Oh that sucks about the tank not being a 100 gallon. That's the only problem with craigslist, sometimes you just never know what you are really getting.


----------



## lohachata (Jan 27, 2006)

both cichlids are convicts..one pink and the other common..they find small fish like tetras very tasty...the gourami will also get mean..the tinfoil barb will exceed 16 inches..the other barb will stay under 8 inches..
you should call the clown that you got the tank from..not kosher misrepresenting it like that..it takes it from a bargain to a rip off.....i would be showing up at his house with snarling dogs and automatic weapons..


----------



## Dragonbeards (Dec 14, 2008)

Eh, I would but, I feel bad for her because she is disabled. Trying to turn lemons into lemonade though. Tank is getting fixed up, it actually looks presentable now (it did look terrible), and I made a list of everything it came with, so I'm gonna post that on the add.


----------



## Dragonbeards (Dec 14, 2008)

llamas said:


> I am not exactly sure how compatible that gourami may be with the tetras. It's an opaline or three spot (both are the same, just a color variation). He will get to be about 6 inches long. These gouramis are quite peaceful when young, but as they grow older, they can become more territorial and attack smaller fish. Neons are quite small, so I would avoid it to be on the safe side. You can always recommend a dwarf gourami. Your sister would probably like the powder blue....
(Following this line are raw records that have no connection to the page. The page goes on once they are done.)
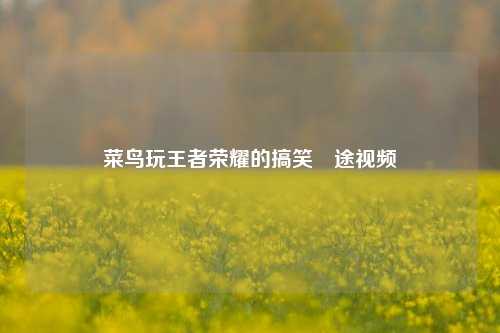菜鸟玩王者荣耀的搞笑囧途视频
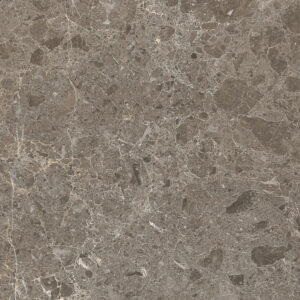 MARVEL APPOLO GREY R1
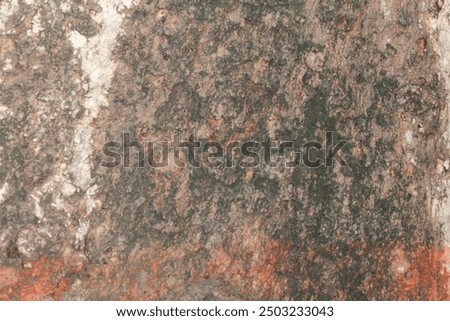 texture of bork of a tree with light and shadow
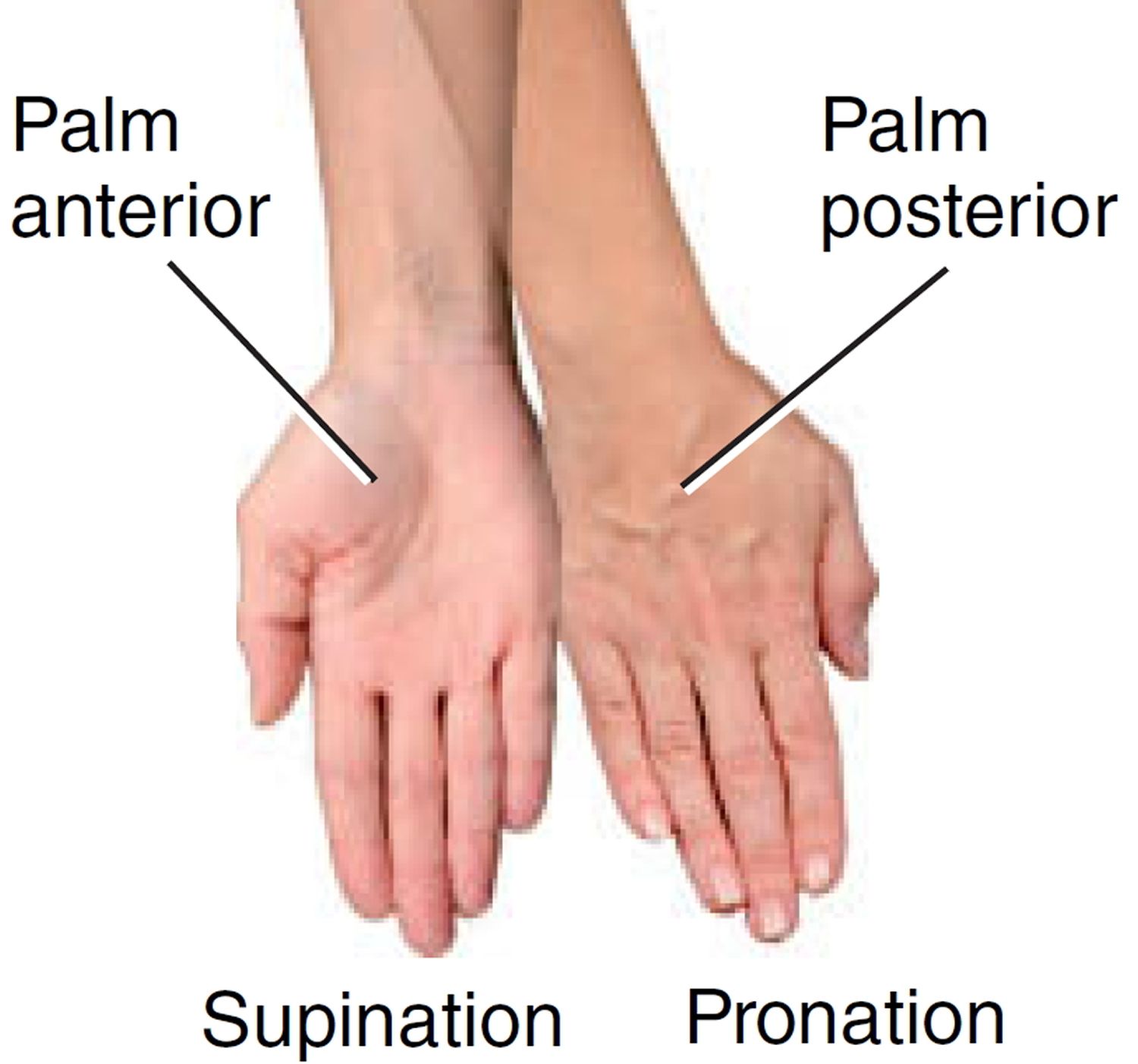 <p><span>Turning the forearm so the palm faces forward is called</span></p>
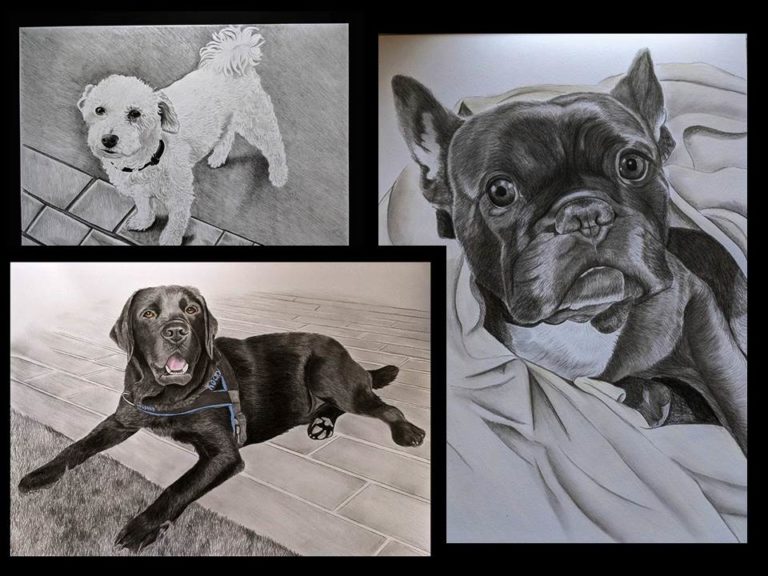 tierportraits schwarzweiss 768x576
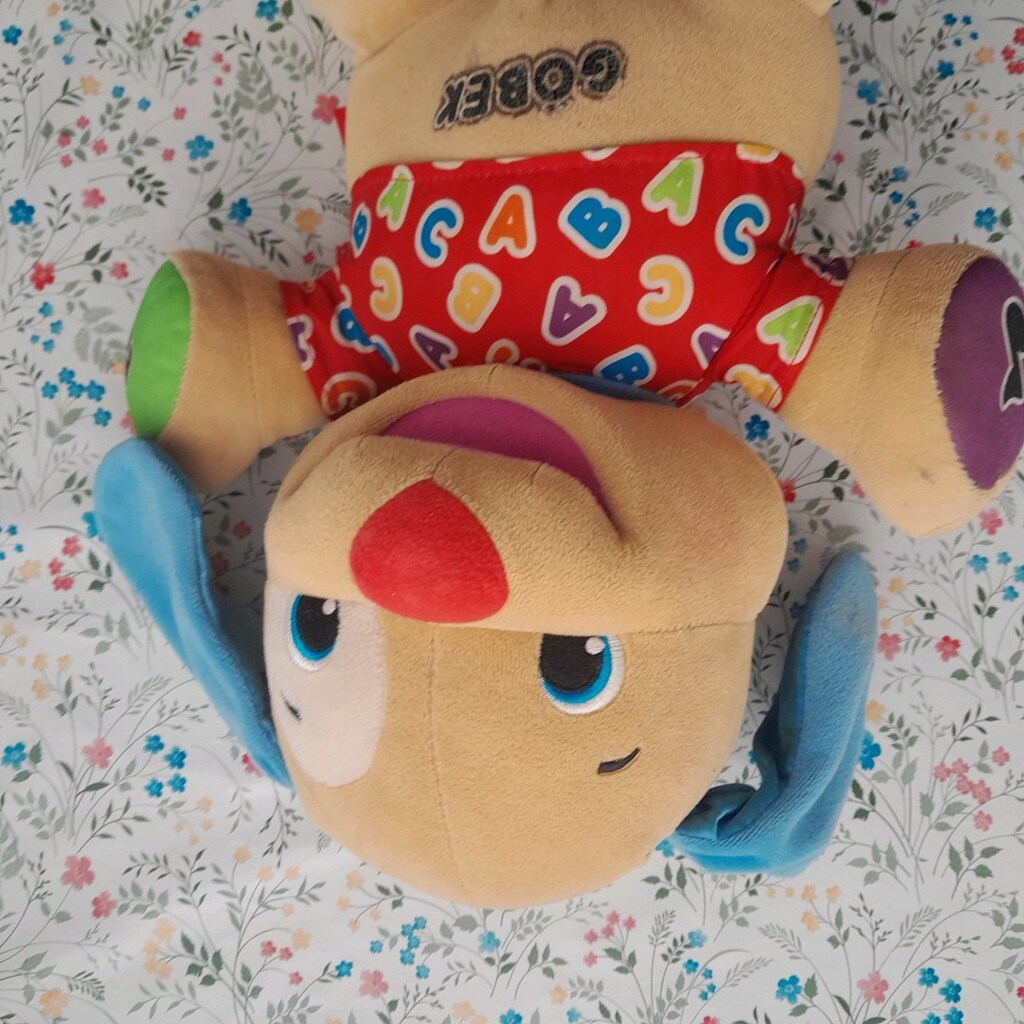 fisher price eğitici köpek - 4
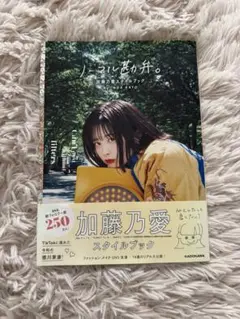 ノーマル勘弁。加藤乃愛スタイルブック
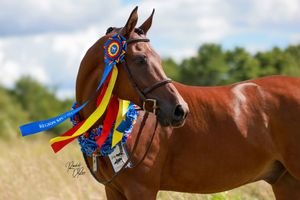 A chestnut horse wearing blue and yellow ribbons stands in profile against a blurred outdoor background.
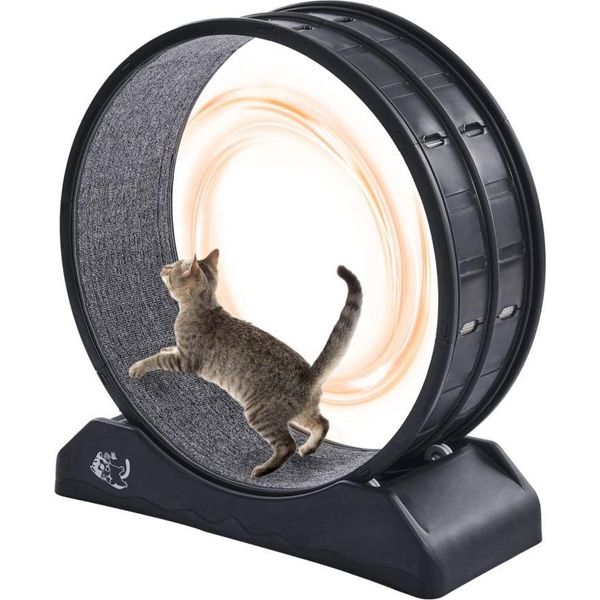 Tapis Roulant Per Gatti - Tapis Roulant Per Gatti 80X34X85Cm - Fino A 4Kg Di Carico - Colore Nero-image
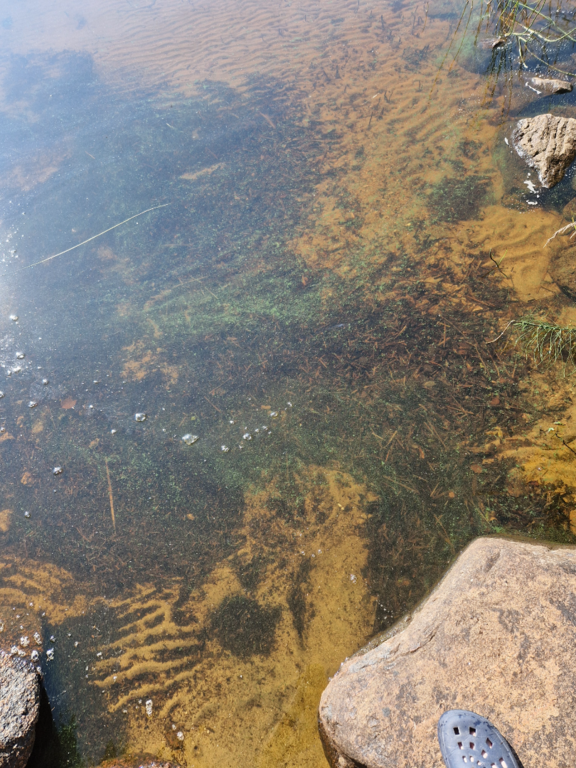 Rattosjärvi (67.964.1.001)-Rattosjärvi, veneenlaskupaikka-ObsALG-202507311357-688b4cc293f9d.png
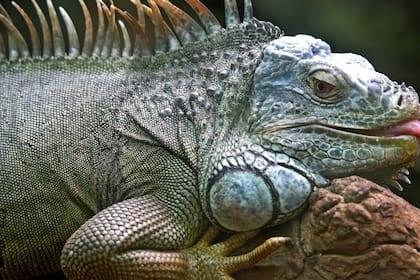 La iguana se sintió atraída por el trozo de pastel que la niña estaba comiendo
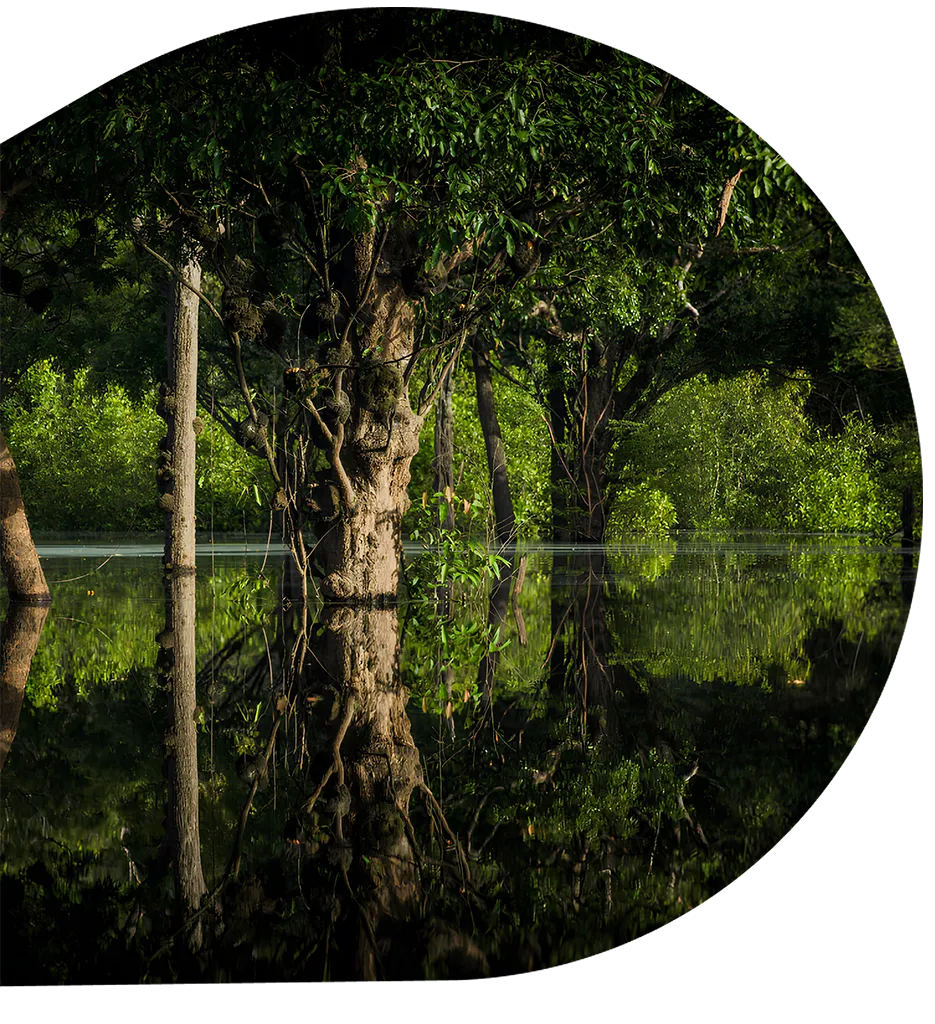 Tall tree surrounded by dense vegetation reflected in calm, dark water.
Thinking about that, I think it may make a good Christmas present for her, a dwarf that is. I'm not entirely sure how I would hide it (that is, once it get nearer the time), but I could figure out something. Thanks.


----------



## Gourami Swami (Jul 4, 2006)

If you do sell the 55 for a larger tank, like a 75 or 90, the stock list you posted would be fine except, in my opinion, for the bichirs and ropefish. These fish can be very problematic, and i can almost guaruntee you the bichirs will attempt to eat the smaller loaches and catfish.


----------



## Dragonbeards (Dec 14, 2008)

Hmm... see that's a problem. I already have one bichir, it came with my 20g from people who knew less than my dog about fish. That's what the tank is centered around. How do you suggest I change the list? I really would like to hang onto the bichir, and one of the reasons my parents are lettingn me get it in the first place is because it's for him 

The ropefish can be removed from the list though, or I could change out the loaches for something a little bigger.


----------



## Gourami Swami (Jul 4, 2006)

If your sticking with the bichir it would be risky to put any smaller fish in, especially slim-bodied ones. Youd be best sticking with fish 4' and over, full bodied. even then ita a gamble but the odds are alot better  I only say this because ive had a senegal bichir (10") attempt to eat a 6" pictus cat that i thought would be fine in the tank. The bichir choked and they both died in the encounter.


----------



## Dragonbeards (Dec 14, 2008)

Hmm....

6 Upside-down Catfish (Synodontis nigriventris)
1 Angel Catfish (Synodontis angelicus)
1 Striped Catfish (Synodontis flavitaeniatus)
1 Algae Eater (undecided)
2 Ropefish (Erpetoichthys calabaricus)
2 Senegal Bichirs (Polypterus senegalus)
8 Giant Danios (Danio aequipinnatus)

That look good? Or is there anything else I should remove? The only other thing that is stuck on that list is the Giant Danios. Another fish that came from the 20g.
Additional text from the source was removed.